Atrapados en la pandemia, presos de nuevas formas de relación humana, la pregunta no es, ¿se desdibujarán y modificarán los vínculos entre los seres humanos?, sino, más bien, ¿qué tanto cambiará en los próximos meses o años la forma de acercarse, abrazar, tocar, amar y amistar cuando se decrete el fin de la pandemia? El poder destructor de Covid-19 es inmenso. Lo más grave son los muertos por el virus y el dolor de los deudos. Heridas similares viven, vivirán, las familias acosadas por el virus del hambre y por la ausencia de gobiernos protectores, sin soslayar la relación directa entre desempleo e incremento de la violencia y asesinatos.

Las pilas de cadáveres por las razones (sinrazones) esgrimidas son tristes retratos de nuestra actualidad. Al mapa contemporáneo, roto y desfigurado, será necesario agregar las relaciones enfermas desde antes de la era Covid-19. Vivimos una época extraña, o más bien, como dice el cantautor Billy Bragg, “vivimos en una época de rabia”. Rabia tiene muchos acepciones: ira, enojo, enfado grande. Así estamos. En el mundo de esos estados de ánimo nos ha atrapado el virus. A los cientos de miles de cadáveres se agrega un reto desconocido: ¿cómo nos comportaremos cuando se determine el final de la pandemia con nuestros semejantes cercanos y lejanos?
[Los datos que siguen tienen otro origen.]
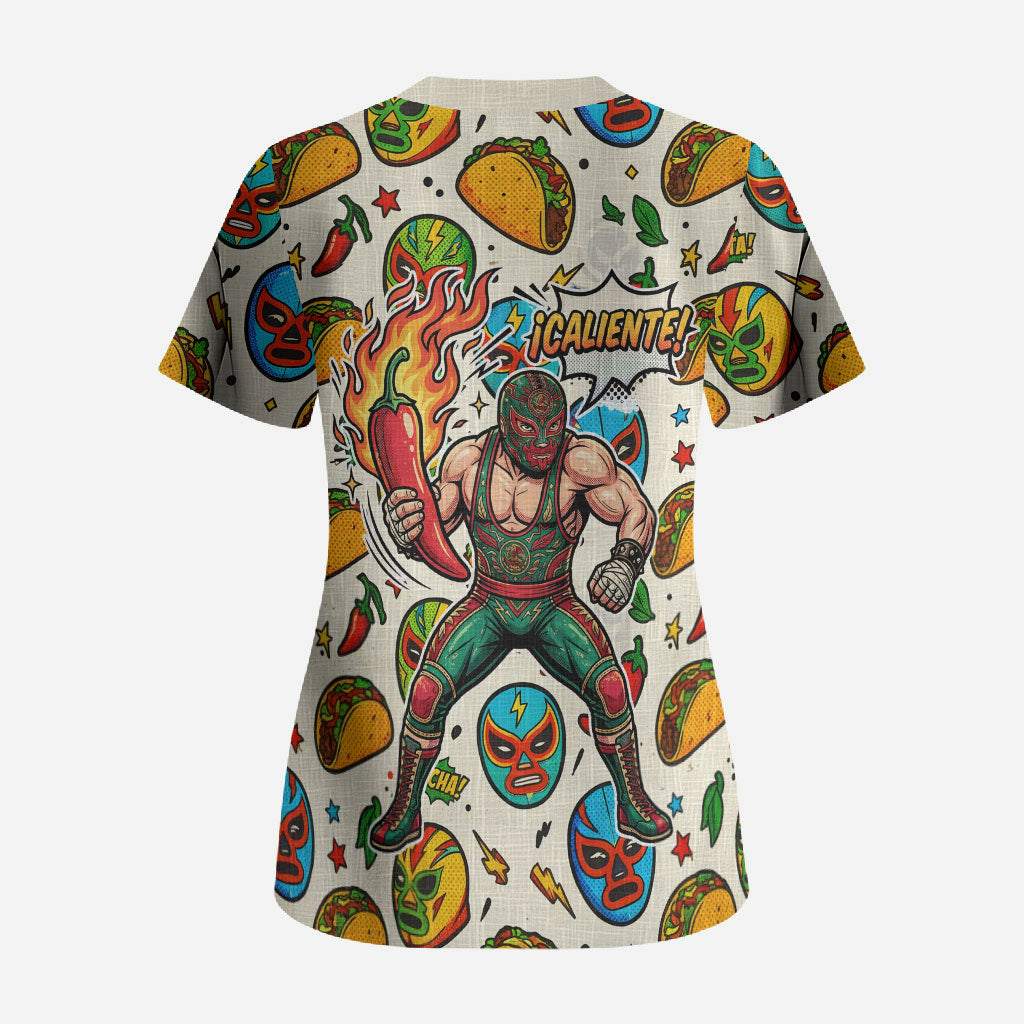 Cinco De Mayo Scrub Top Lucha Libre Wrestler - Pop Art Comic Style Mexican Fiesta Taco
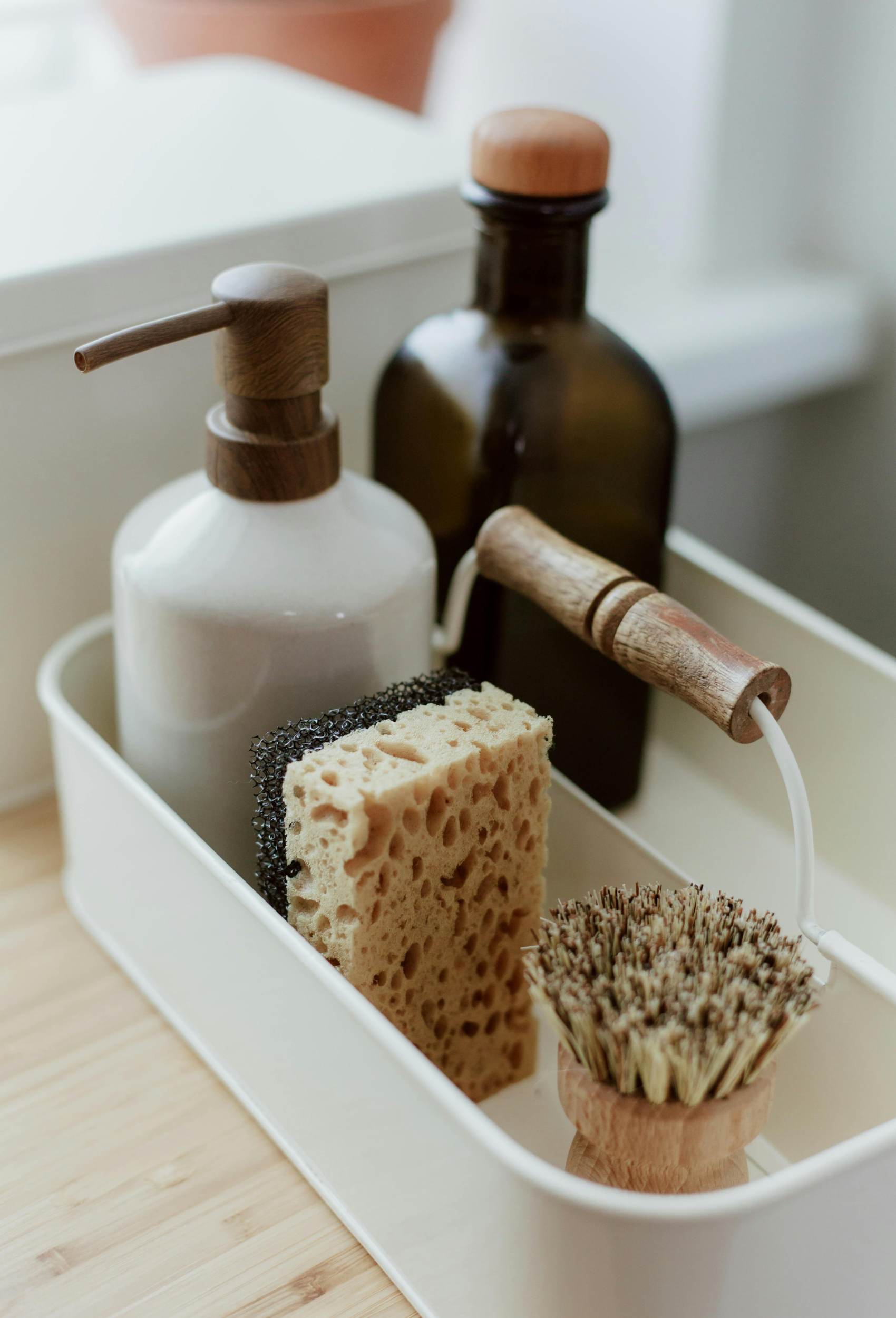 sponge brush and soaps for cleaning and organizing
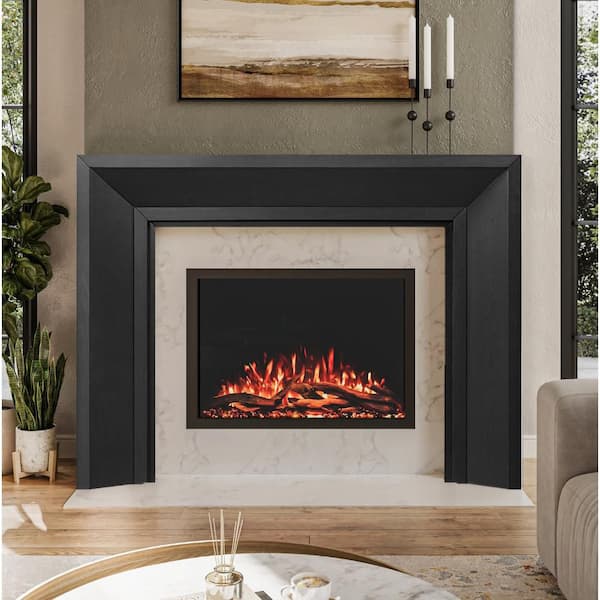 Everly 80 in. x 54 in. Overall Dims Full Surround Fireplace Wood Mantel 56 in. x 42 in. Interior Opening in Sable Stain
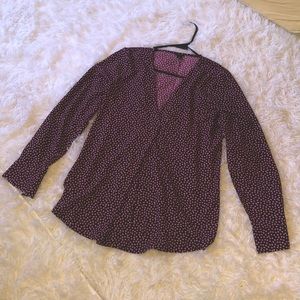 Ann Taylor maroon & white patterned blouse with pleated front, long sleeves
La vida es lo que palpamos. La vida es lo que esta frente a nosotros. Murmullos, cuerpos, rictus, solicitudes, escucha, pedimentos, compasión y solidaridad son apéndices de lo que abrazamos y nos abraza. En las últimas décadas lo “humano de lo humano”, o más bien, “lo humano de la humanidad” se ha modificado. El juego y la repetición de las palabras es intencional, no es mera nostalgia. Hemos perdido la calle. Hemos perdido espontaneidad. Hemos incrementado las distancias. La desconfianza ha aumentado y con ella las dudas y los miedos. La vida de ayer no será la vida de mañana. La falta de confianza atenaza. El miedo milita contra la frescura, contra lo que nace del corazón. Vivimos tiempos directamente proporcionales: a mayor desconfianza, mayor desapego, entre mayor temor, mayor la distancia, entre mayores las dudas, mayor la falta de certidumbre.

En tiempos Covid-19, a las ecuaciones previas se suma el peso del alejamiento físico así como el agobio acerca de la posibilidad de que todos, conocidos y desconocidos, pueden ser portadores del virus. Los pequeños encerrados en casa, unos con suerte, hijos de familias pudientes, otros sin protección económica, se han convertido en testigos y víctimas del encierro prolongado, de la intranquilidad absorbida tras escuchar a los progenitores y/o ser protagonistas de diversos tipos de violencia. Dichos sucesos trascienden. Dichos eventos dejan huellas.

El virus del Covid-19 se empalma con las insanas advertencias del transhumanismo, espacio que poco a poco gana terreno: los dispositivos electrónicos son cada vez más poderosos y parte integral de nuestra vida. Ahora el coronavirus, al igual que la tecnología, se ha adueñado de muchas facetas de nuestra vida y poco a poco, o más bien, cada vez más rápido nos empieza a transformar.

La vida es lo que se mira y lo que nos toca. Nos arropan y moldean las palabras cuyas letras y tiempos dan nombre a los días, a nuestra existencia y a las de los otros. El destino del lenguaje es el ser humano. Para quienes tuvieron suerte y se mantuvieron confinados, los apegos y la normalidad se modificarán.

Confinar: 1. Desterrar a alguien, señalándole una residencia obligatoria. 2. Recluir a algo o alguien dentro de límites. Recluir: Encierro o prisión voluntaria o forzada. Hemos intentado sortear la infección o la muerte confinados, recluidos. Las autoridades sanitarias han apostado por esa conducta. Algunas naciones europeas se han decantado por la salud de la población y no por la salud de la economía. Los meses prolongados, todos muy largos, cambiarán el contacto humano. ¿Qué sucederá con lo “humano de la humanidad?”. Tardará mucho tiempo en regresar la normalidad. Nos tardará otro tanto para reaprender: la vida es lo que se palpa, lo que se mira.